■ What to do:
Here is the task for the listing below: output exactly the lines from the one containing "5th image of 101 Lilac Ln" through the one containing "Abito basic scollo sul retro e spalline", and leave out the pictures.

■ Material to process:

· · · · ·

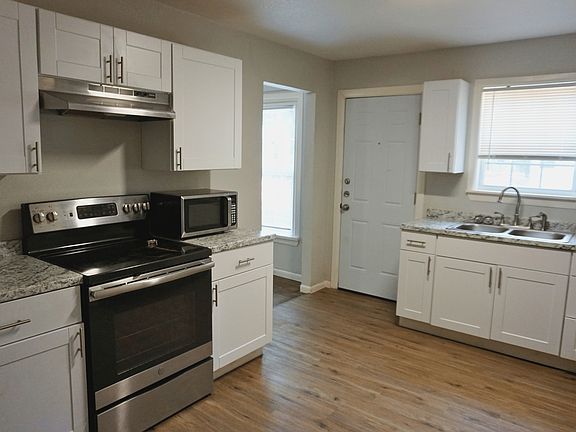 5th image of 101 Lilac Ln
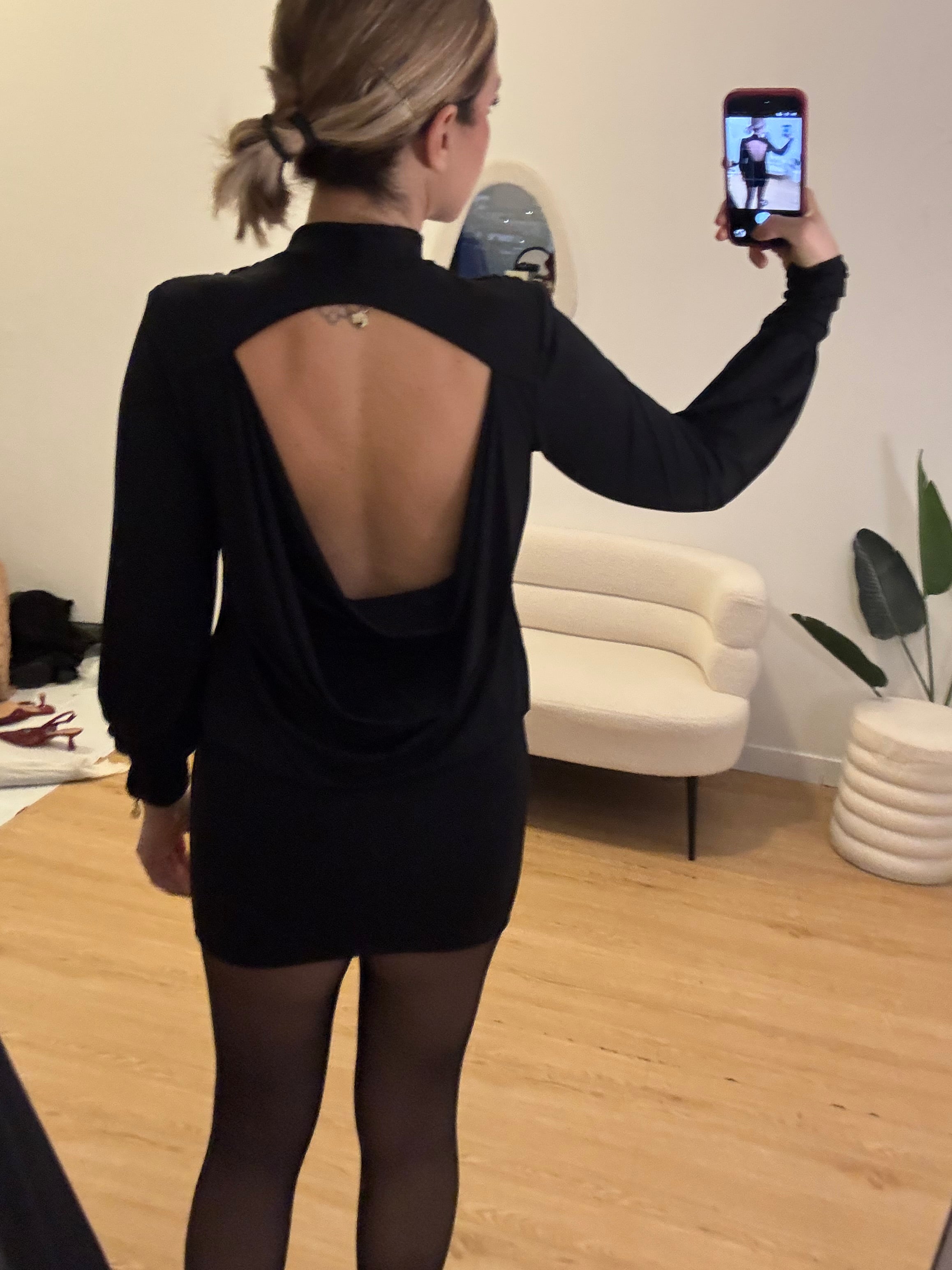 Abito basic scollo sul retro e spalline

· · · · ·

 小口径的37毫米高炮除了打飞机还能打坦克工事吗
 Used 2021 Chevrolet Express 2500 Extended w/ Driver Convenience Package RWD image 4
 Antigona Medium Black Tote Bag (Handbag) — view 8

· · · · ·

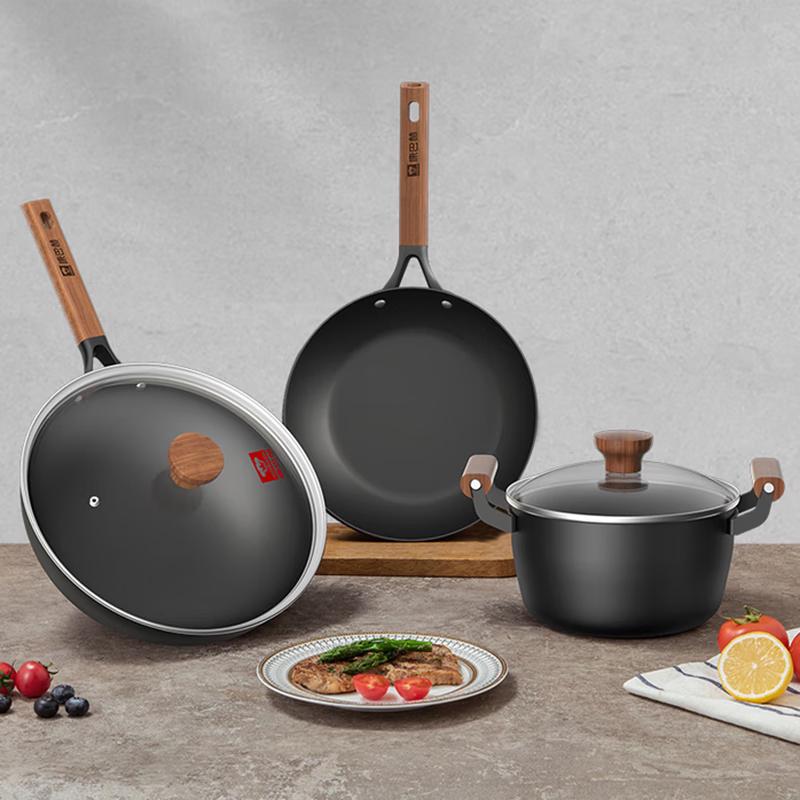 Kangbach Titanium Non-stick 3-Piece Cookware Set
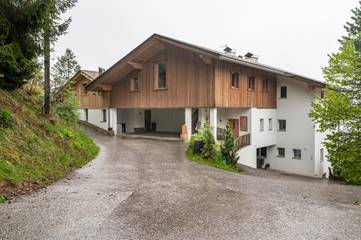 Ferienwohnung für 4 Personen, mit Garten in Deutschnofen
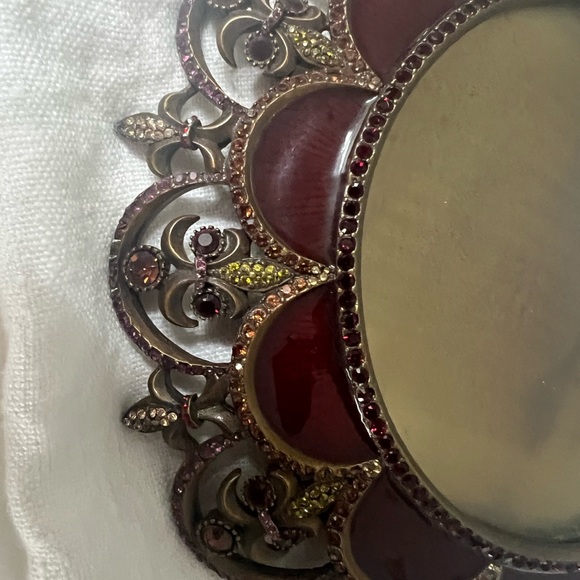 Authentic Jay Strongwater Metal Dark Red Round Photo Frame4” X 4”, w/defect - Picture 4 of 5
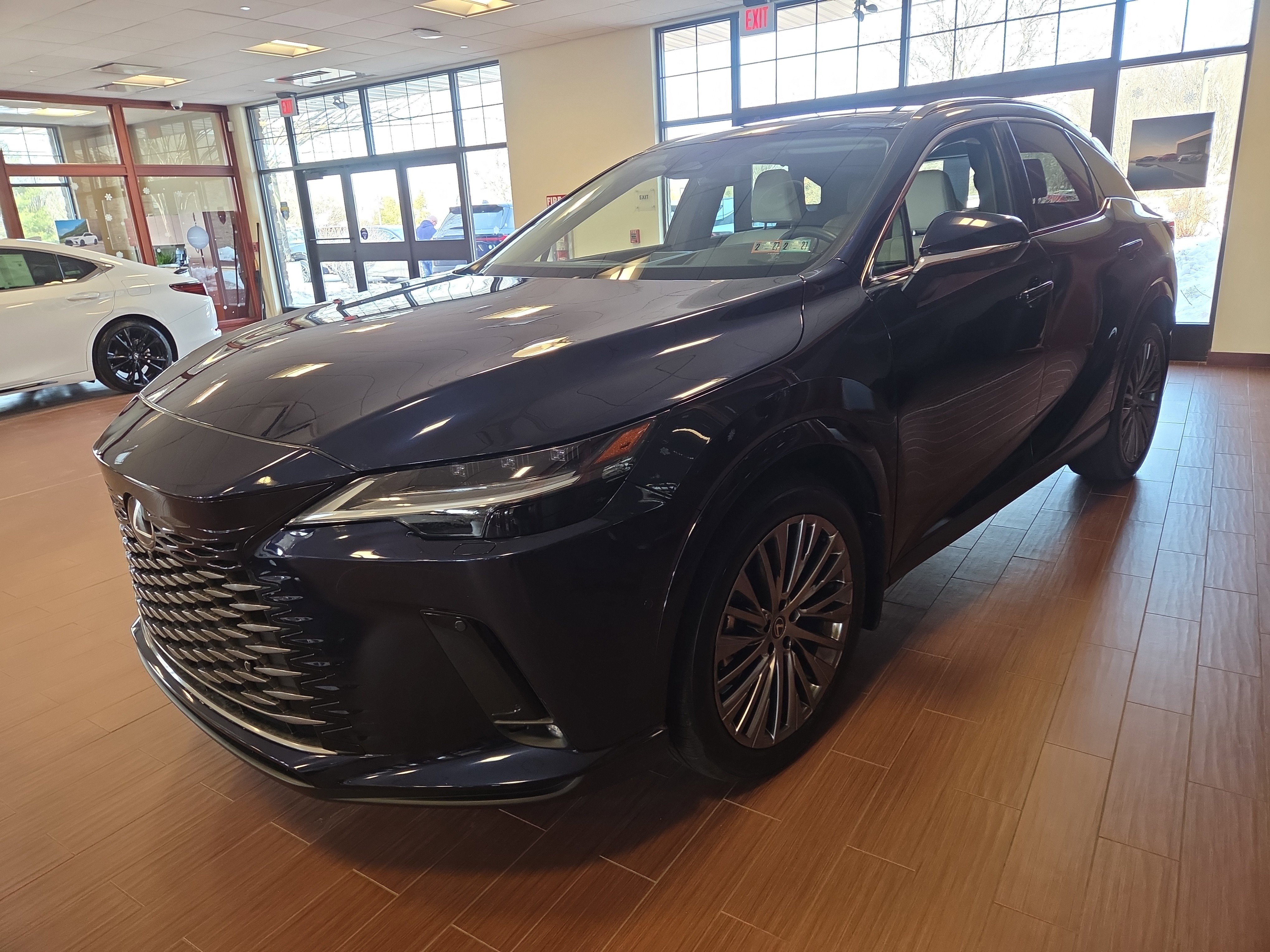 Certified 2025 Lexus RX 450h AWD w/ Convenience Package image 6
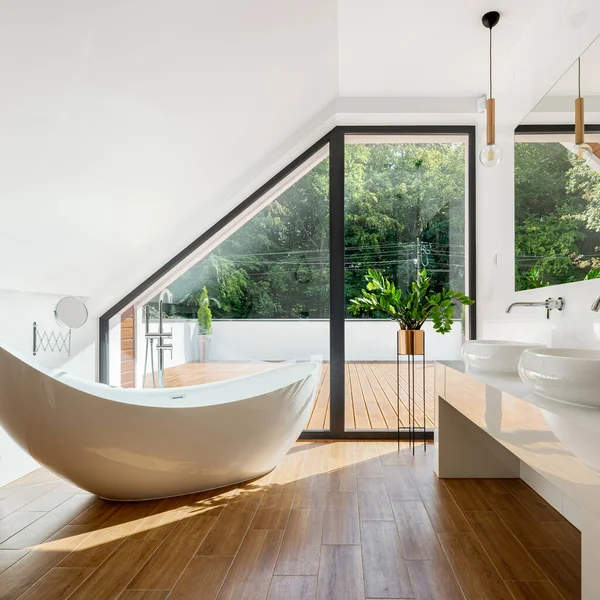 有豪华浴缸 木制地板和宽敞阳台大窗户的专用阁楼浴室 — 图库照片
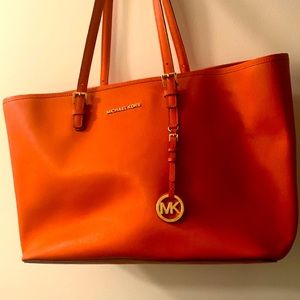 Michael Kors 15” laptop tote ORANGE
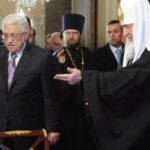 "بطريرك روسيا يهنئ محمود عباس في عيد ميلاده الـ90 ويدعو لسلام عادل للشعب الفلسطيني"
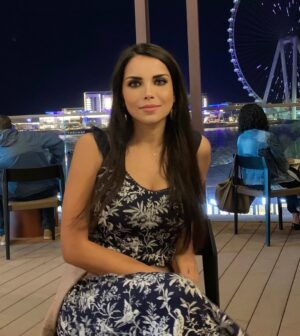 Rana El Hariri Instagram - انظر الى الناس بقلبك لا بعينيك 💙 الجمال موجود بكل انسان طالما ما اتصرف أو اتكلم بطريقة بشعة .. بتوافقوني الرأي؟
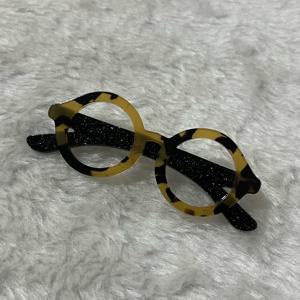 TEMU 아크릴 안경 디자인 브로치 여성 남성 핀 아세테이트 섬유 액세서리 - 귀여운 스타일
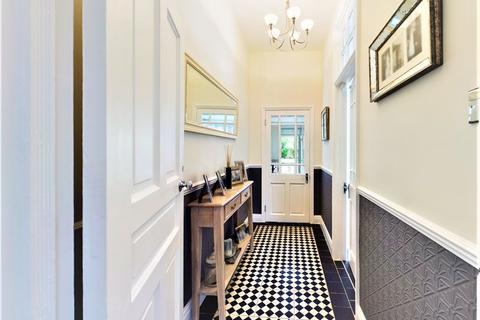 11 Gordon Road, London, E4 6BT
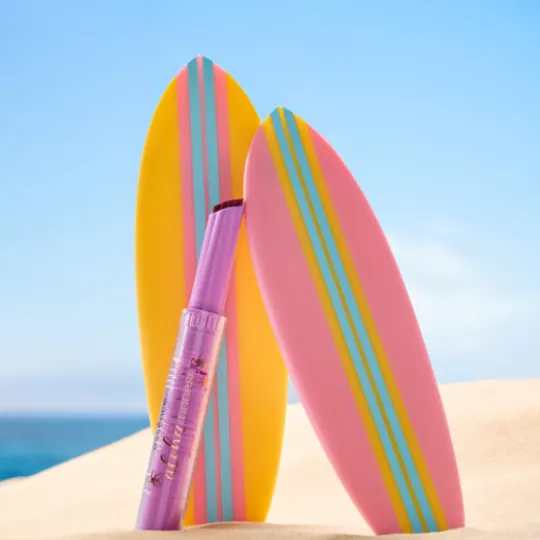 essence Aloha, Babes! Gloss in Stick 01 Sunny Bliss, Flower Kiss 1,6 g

· · · · ·

■ Written solution:
 5th image of 101 Lilac Ln
 Abito basic scollo sul retro e spalline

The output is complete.